At this time of year, there's a bounty of edible plants underfoot, just waiting to be harvested. Want to add pucker to your pickerel? Try garnishing it with wood sorrel. Need to amp up your pesto? Throw in a handful of dandelion. Missing crunch in your salad? Pluck some purslane.

But don't stop there. Here are three more common plants we bet you didn't know you could eat:

Oxeye daisies

Parts to eat: Buds, flowers, leaves

These white-petaled flowers, also known as Chrysanthemum leucanthemum, can be found thriving in fields and along roadsides across the country. The B.C. Ministry of Agriculture classifies them as "noxious" weeds. But there's nothing noxious about their taste.

At Toronto's Forbes Wild Foods, the buds of oxeye daisies are preserved in a lemon marinade and sold as a delicate alternative to capers. The buds pair well with fish, and add texture to salads, says Dyson Forbes, who runs the specialty food supplier with his family. But while some people claim they taste of pineapple, Forbes is unconvinced. "Most of the time, I kind of taste spinach with them."

While mature flowers also serve as an attractive garnish, Forbes recommends harvesting the leaves before the plant reaches full bloom. The leaves can be eaten raw in salads, or preserved as kimchi, he suggests.

"Once they go to flower, they develop a little bit of bitterness inside the plant," he explains, noting that flowers sap a plant's energy. "The flower is still going to be very yummy, but all the other individual parts of the plant … tend to lose the amount of sugar they have in them."

Pineapple weed

Part to eat: Flowers

These spriggy plants with dome-shaped flowers can be found growing in sidewalk cracks and on unmanicured lawns. The leaves lack flavour, but the felty flowers, which appear all summer long, make up for it with their incredible pineapple- and chamomile-like aroma.
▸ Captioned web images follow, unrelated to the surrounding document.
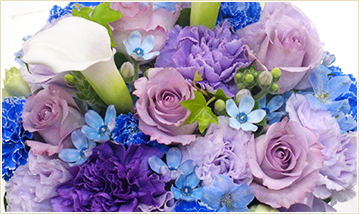 ブルー&パープル系の花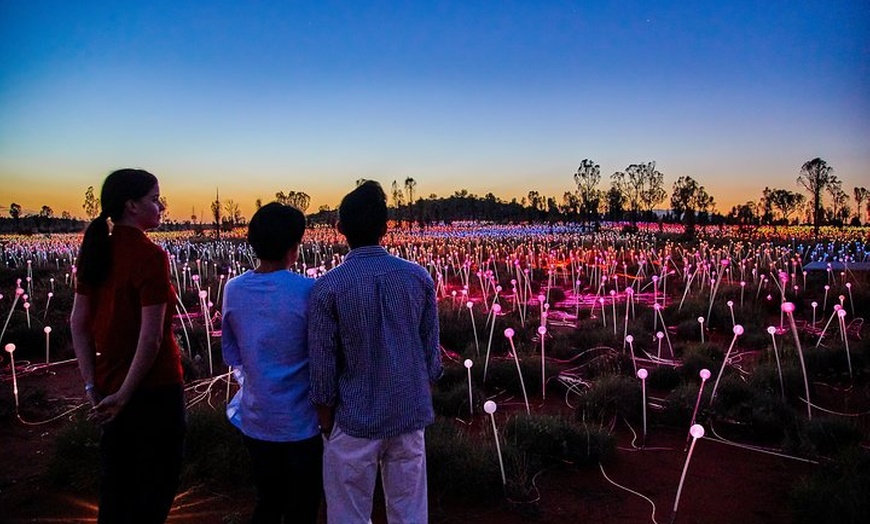 Image 1: Uluru (Ayers Rock) Field of Light Sunrise Tour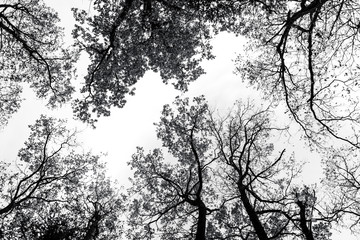 bottom view of tree branches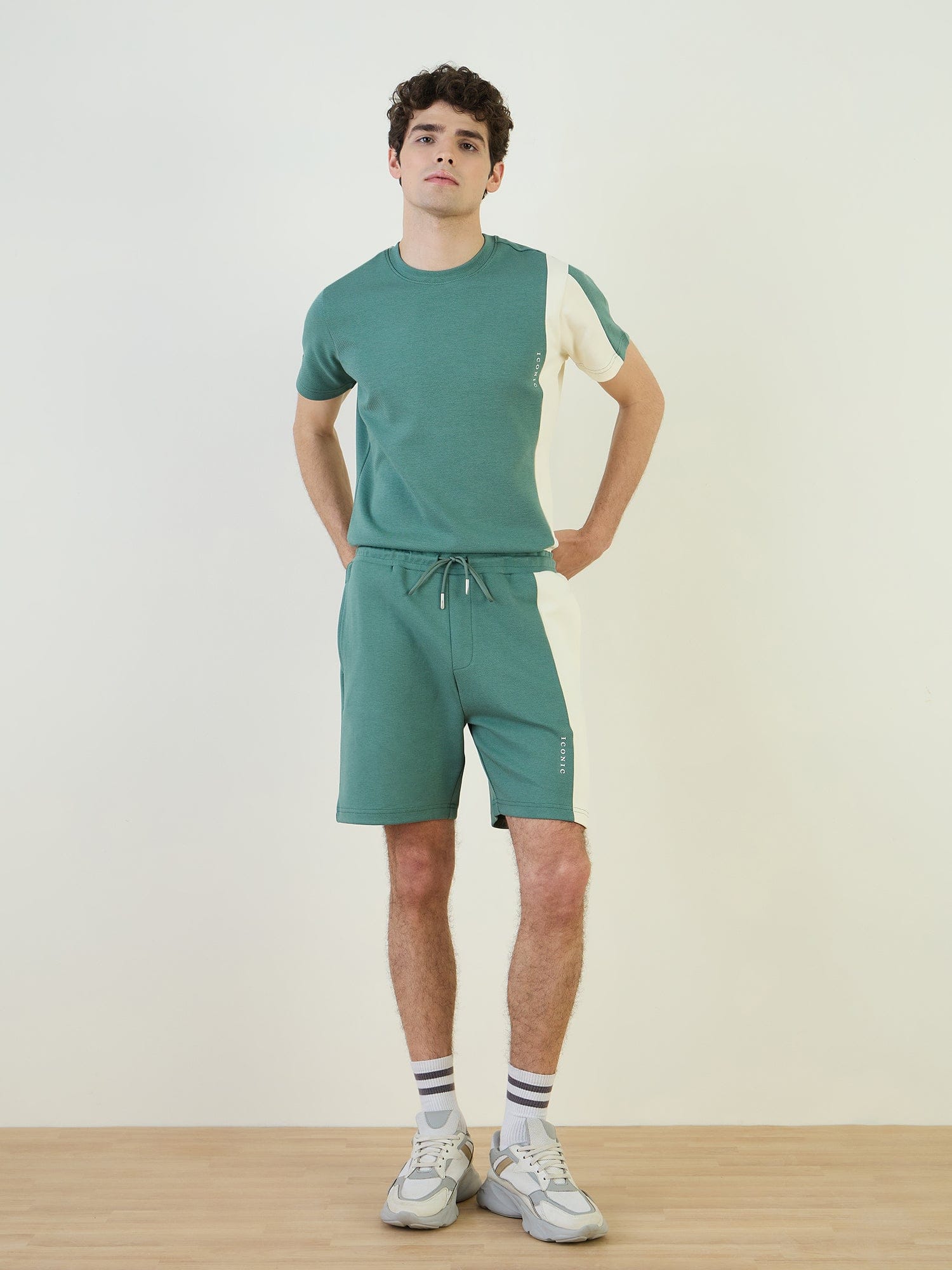 Iconic Men Green Regular Fit Color Block Shorts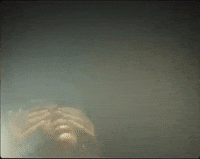 Gold GIF by Mereba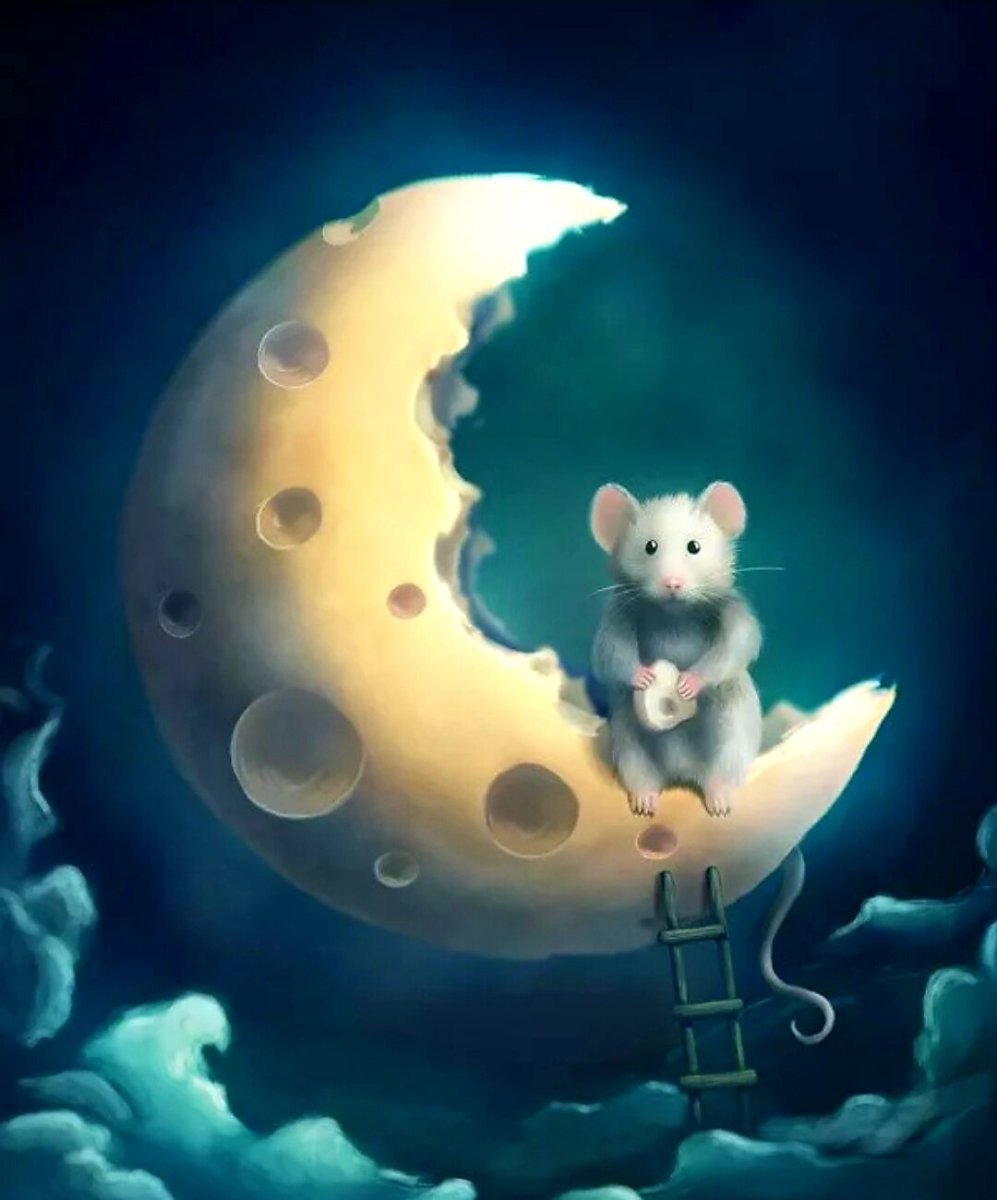 Пожелания спокойной ночи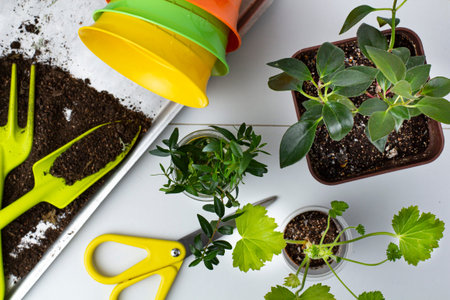 Home floriculture supplies, seedlings and tools, top viewの写真素材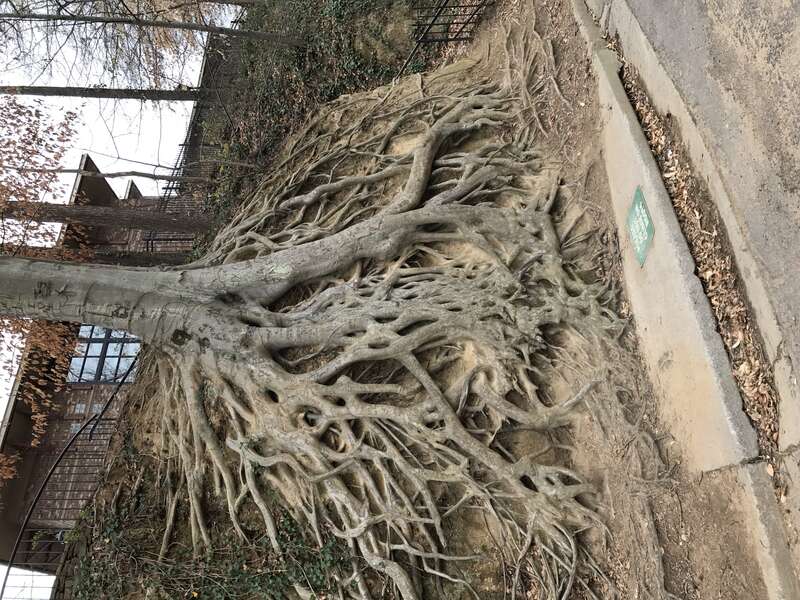 American Beech Tree - Falls Park - Greenville, SC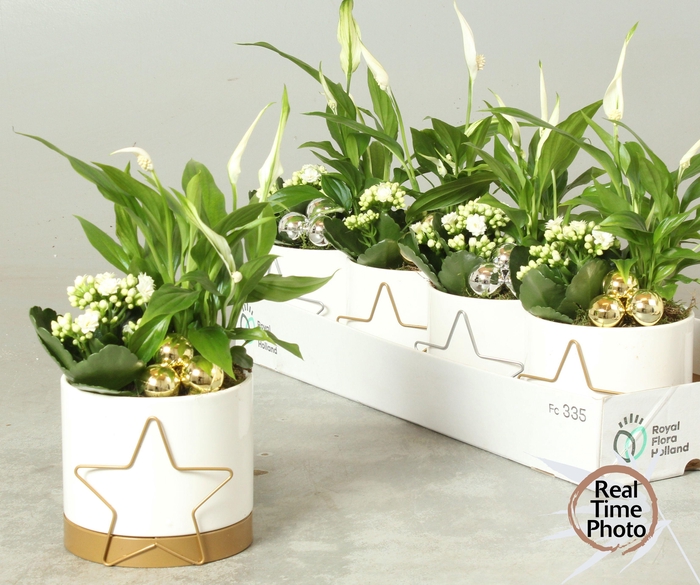 <h4>ARR KAMERPL</h4>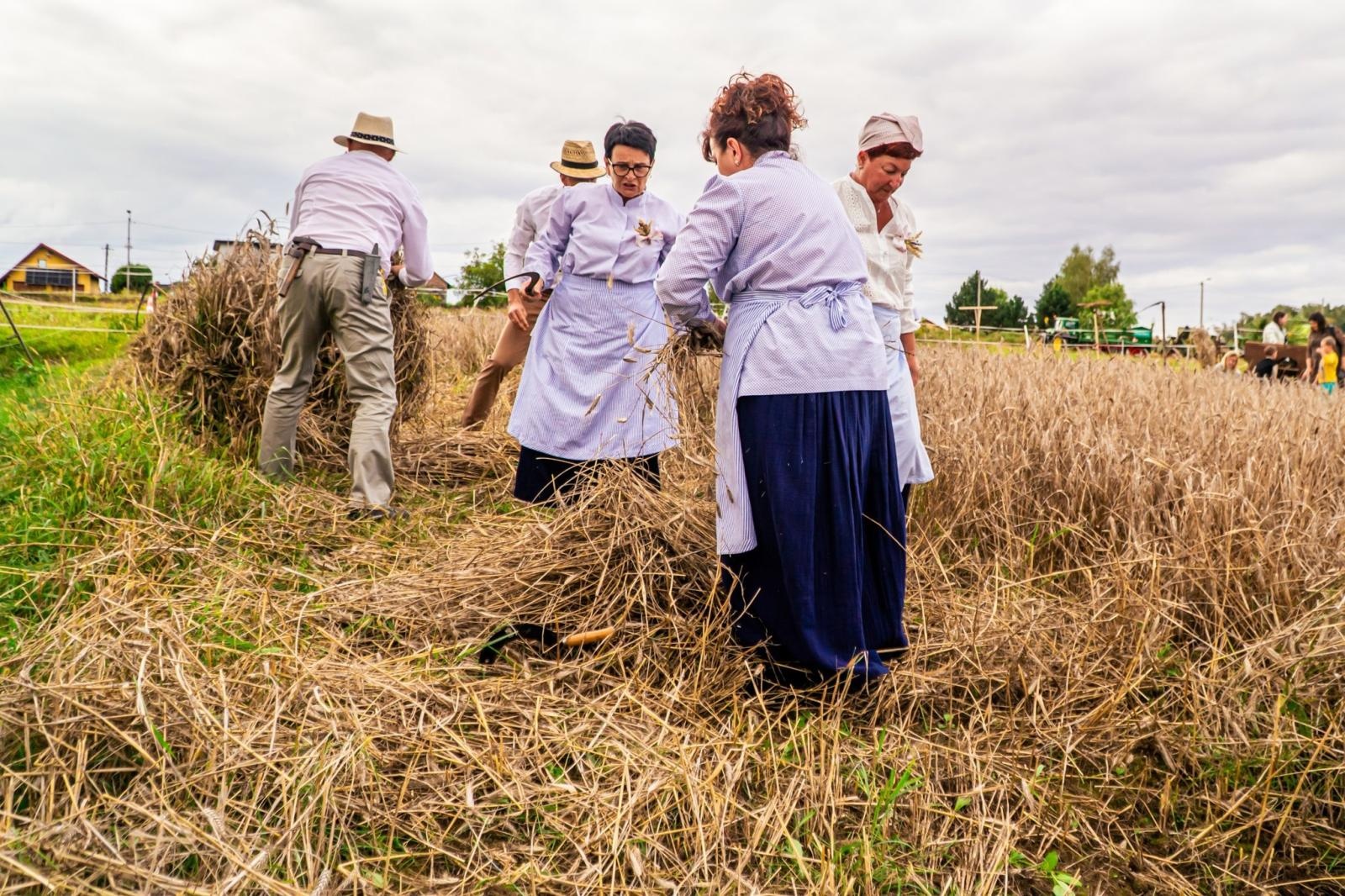 Zdjęcie w galerii na portalu naszwodzislaw.com: Gminne dożynki i zacny jubileusz Skrbeńska za nami [FOTO] wiadomości z regionu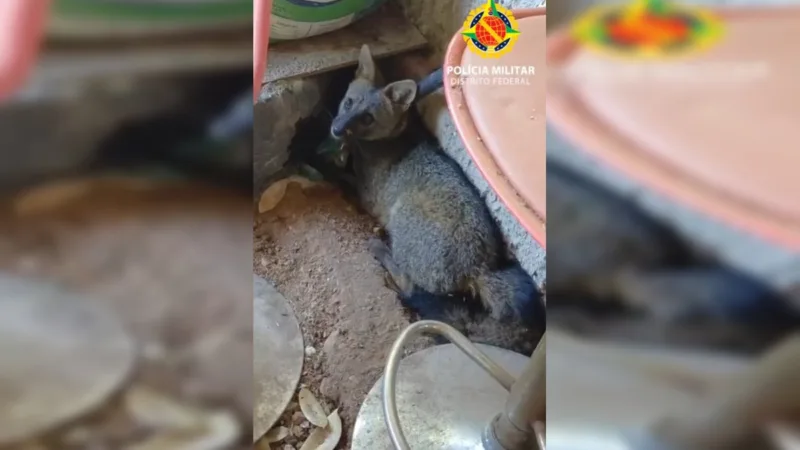 Raposa é resgatada dentro de chácara na Ponte Alta Norte, no Gama, e solta em área segura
Chef Justin Cogley of Aubergine restaurant at L'Auberge Carmel in Carmel, Calif., harvests the flowers to make a strong, fragrant tea. He starts by using roughly 100 grams of fresh flowers per 500g of water. (As a general guideline, he advises using three times as much pineapple weed as you would when making regular tea with tea leaves.) Then he lets it steep for about a week in the refrigerator.

The resulting liquid can then be strained and sweetened with sugar and put through a soda charger to make a refreshing, fizzy drink. Or Cogley suggests using the tea to poach fish or shrimp. If you want a more intense pineapple-weed flavour, heat the liquid first, until it reduces by about half. Then season it and poach away, or add scraps of parsley, thyme or fennel tops to give the broth more complexity. Just don't go overboard, lest you overpower the taste of chamomile, he says.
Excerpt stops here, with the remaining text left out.